Reality Versus Fabrication

Yet reality is more resilient than these journalistic games. A movement that starts with bread and advances toward overthrow cannot be stopped by montage and deception. Its strength does not come from media narratives or foreign money, but from a deeply rooted, organized resistance that has paid the highest price.

The uprising is not fading—it is intensifying. Iran’s streets are now filled with a generation that arrives empty-handed but armed with iron determination. Young people with nothing left to lose confront repression without hesitation. This is no longer cautious protest; it is a battle of wills.

Students at the Center

At the heart of this uprising stand revolutionary students, particularly female students, whose courage has become emblematic. Despite brutal assaults by security forces on university dormitories, batons, pellet guns, arrests, and threats have failed to strip universities of their historic role as strongholds of freedom.

All this unfolds while the regime—often described by activists as an “execution state”—has carried out more than 2,200 executions in 2025 alone. Yet a society that has reached the point of explosion no longer fears the gallows. Fear has changed camps. Today, it is the regime that fears youth, women, students, and the streets.

A Resistance That Could Not Be Erased

For nearly six decades, successive generations of Iran’s finest sons and daughters have stood in the ranks of resistance. Prison, torture, execution, exile, and war failed to eliminate this current. Today, resistance units, the organized resistance network, and the broader movement have become material forces within society, not television projects.

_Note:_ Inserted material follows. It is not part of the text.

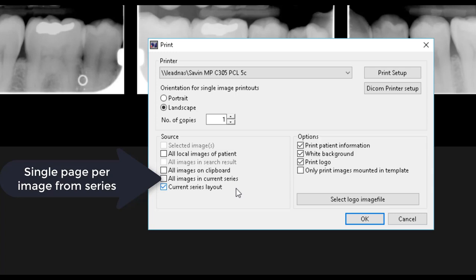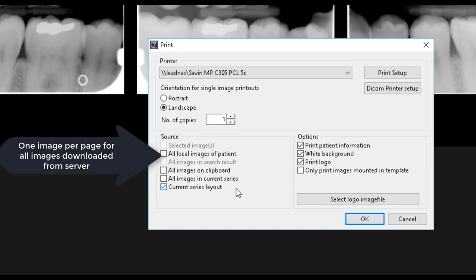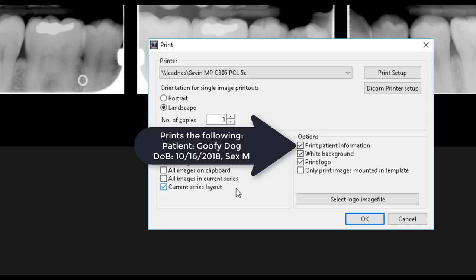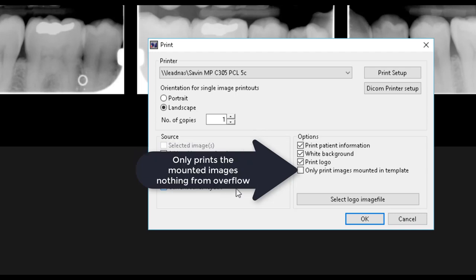Otherwise, each image will be printed on one whole page, potentially wasting ink. After you have selected your source, you can select from the numerous options to print the patient info, apply a white background, print a customized logo, or only print images mounted in the template.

That is why the regime is afraid.
That is why external powers are uneasy.
That is why diversionary projects are deployed with such intensity.

No Return

History follows its own laws. When a society reaches this level of awareness—when the chant “Death to the oppressor, whether Shah or Supreme Leader” becomes the dominant voice of the streets—there is no path backward.

Clerical reaction is on its way out.
Monarchical reaction has no path back.
And a secular, democratic republic is no longer a dream, but a concrete demand of a people who have already paid its cost.

Iran is undergoing its final passage. And this passage has no return.